• Aim of the task: With the pictures left out, reproduce exactly the lines from the one containing "red brick wall with turquoise paint" through the final line of the entries.

• Input records:
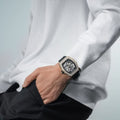 Close-up of a model wearing the TSAR BOMBA Elemental TB8208D men’s Black tonneau watch with a gold-tone stainless steel case and cubic zirconia bezel and skeleton dial.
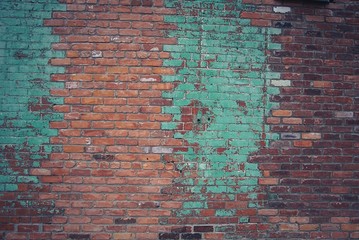 red brick wall with turquoise paint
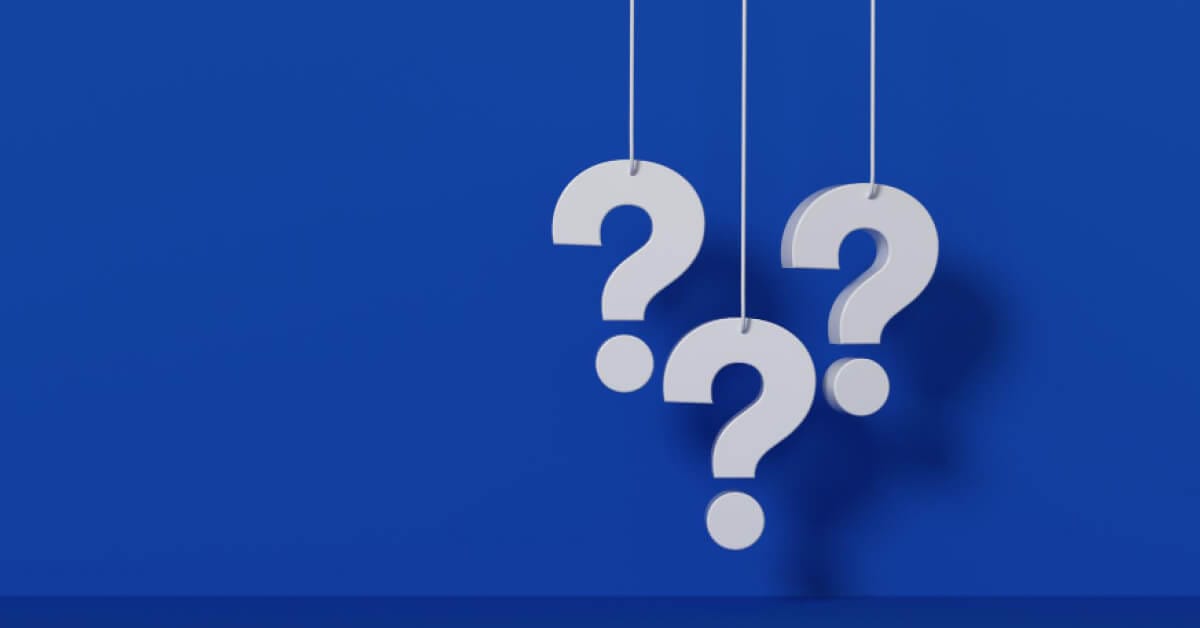 Question marks against a blue backdrop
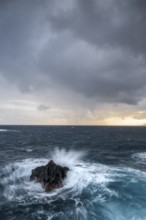 Sunrise, waves and rocks, coast near Porto Moniz, Madeira, Portugal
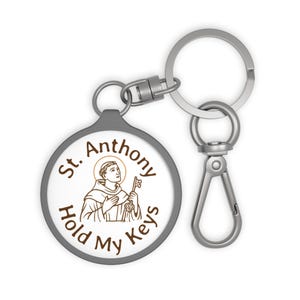 May include: A round keychain with a gray border and a white center featuring an illustration of St. Anthony holding a key. The text "St. Anthony Hold My Keys" is printed around the image. The keychain has a silver clasp and key ring.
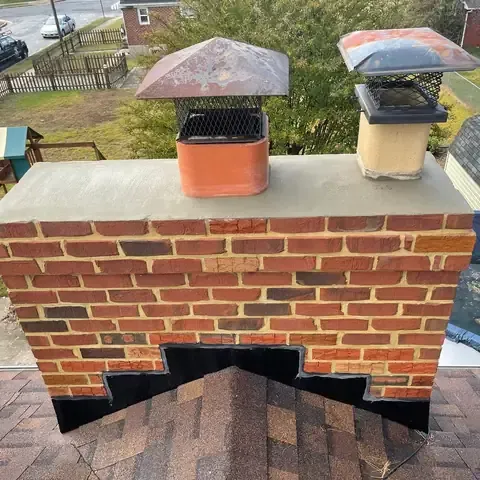 The same chimney after the rebuild, with a new crown and flashing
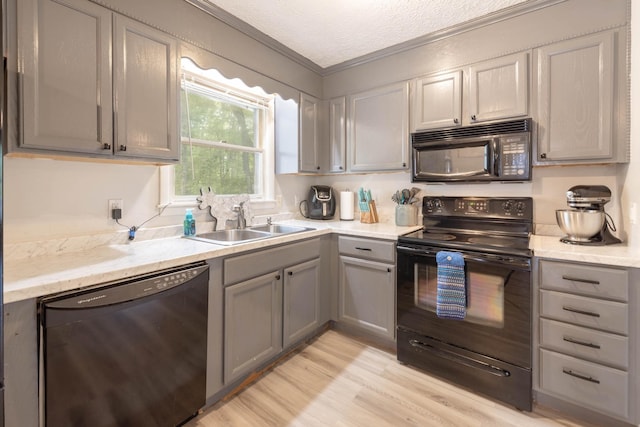 kitchen with sink, crown molding, gray cabinets, black appliances, and light wood-type flooring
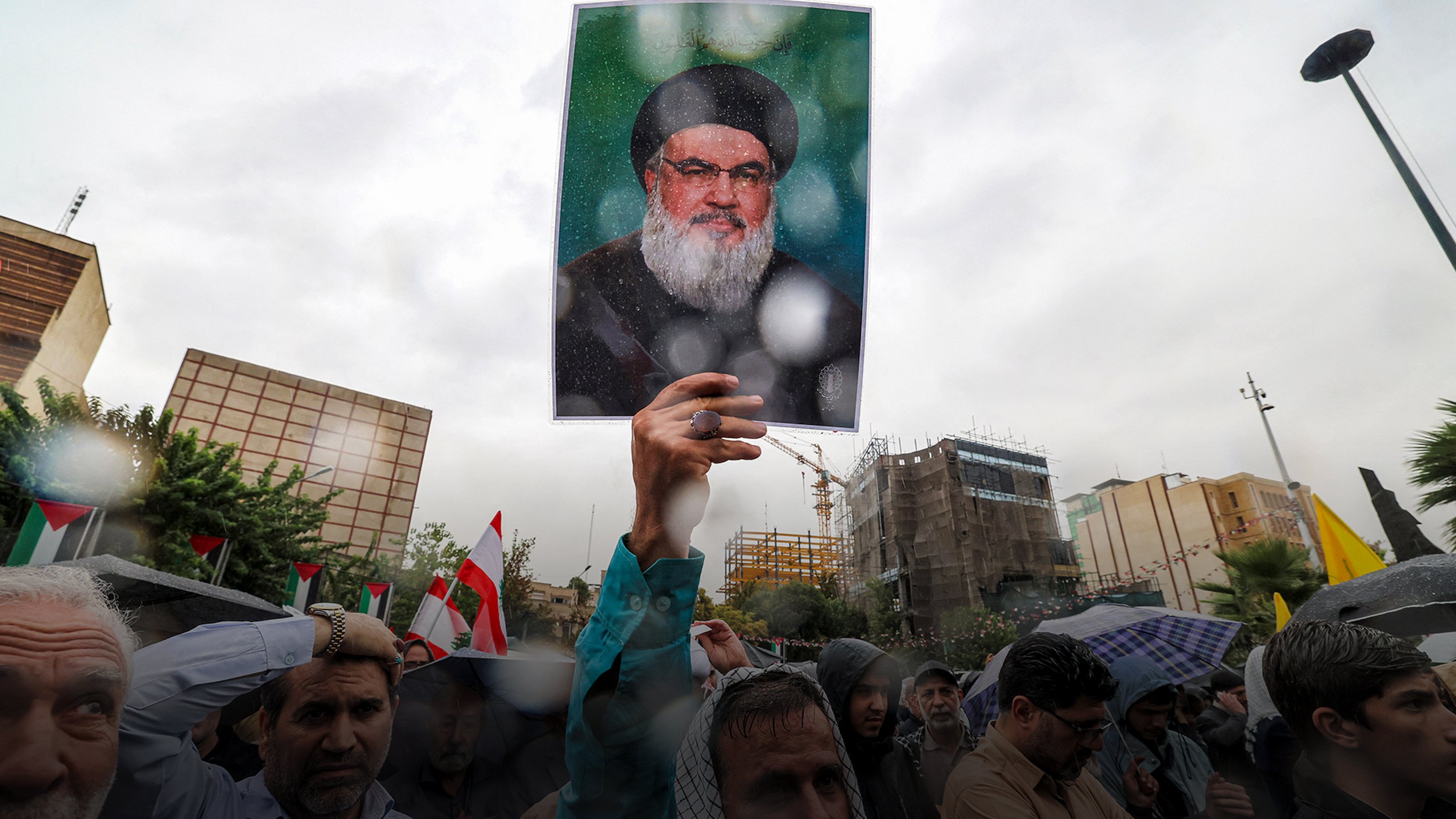 Day in Photos: Hezbollah Leader Killed, Disaster Aftermath, and Iron Baffalo Racing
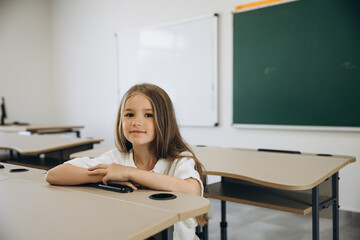 Young Girl Sitting in an Empty Classroom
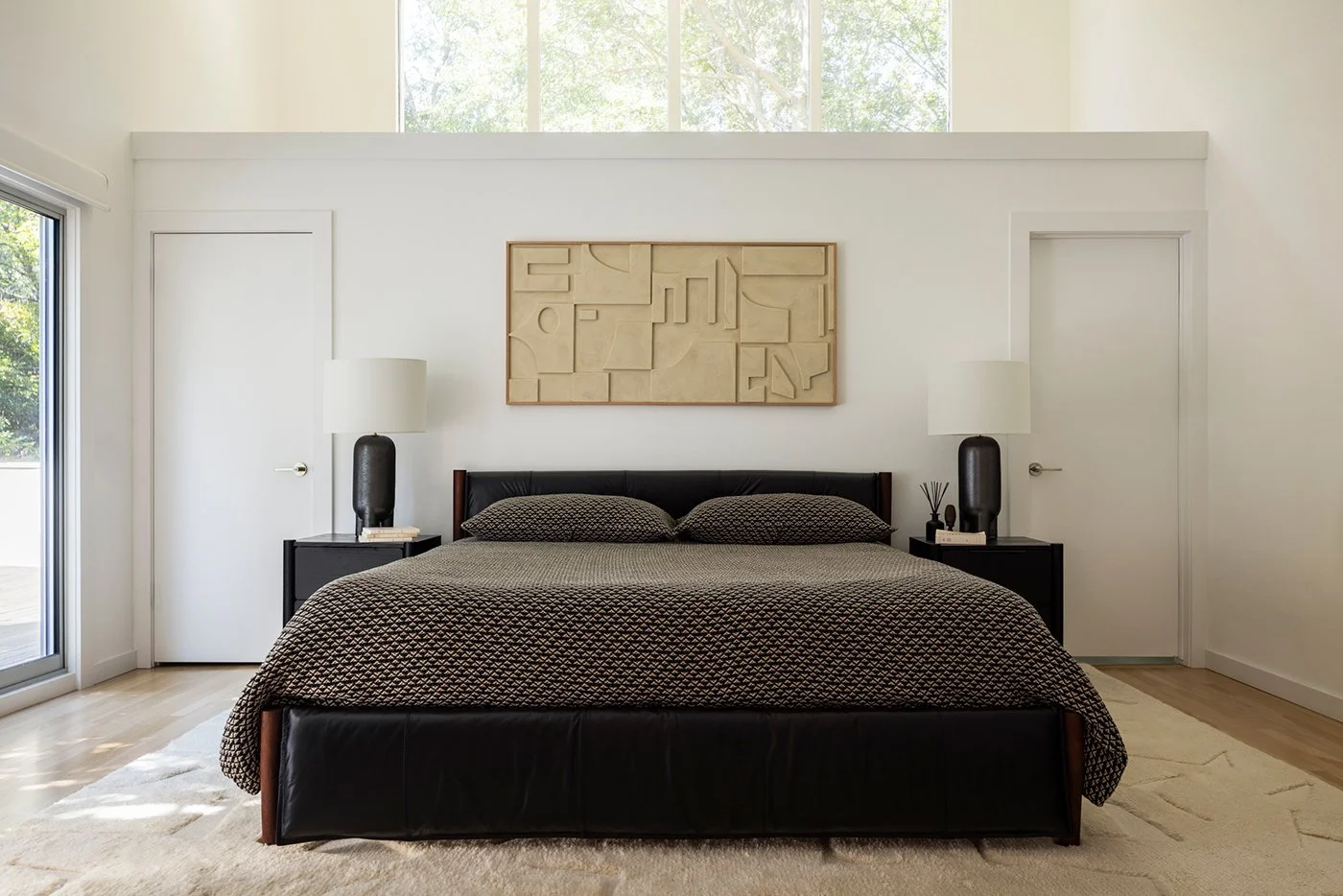 Modern primary bedroom, leather bed, high ceilings
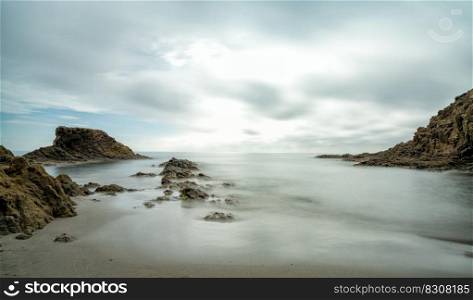 A long exposure of a picturesque small beach in a rocky cove with reef at low tide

• Exercise response:
 red brick wall with turquoise paint
 Question marks against a blue backdrop
 Sunrise, waves and rocks, coast near Porto Moniz, Madeira, Portugal
 May include: A round keychain with a gray border and a white center featuring an illustration of St. Anthony holding a key. The text "St. Anthony Hold My Keys" is printed around the image. The keychain has a silver clasp and key ring.
 The same chimney after the rebuild, with a new crown and flashing
 kitchen with sink, crown molding, gray cabinets, black appliances, and light wood-type flooring
 Day in Photos: Hezbollah Leader Killed, Disaster Aftermath, and Iron Baffalo Racing
 Young Girl Sitting in an Empty Classroom
 Modern primary bedroom, leather bed, high ceilings
 A long exposure of a picturesque small beach in a rocky cove with reef at low tide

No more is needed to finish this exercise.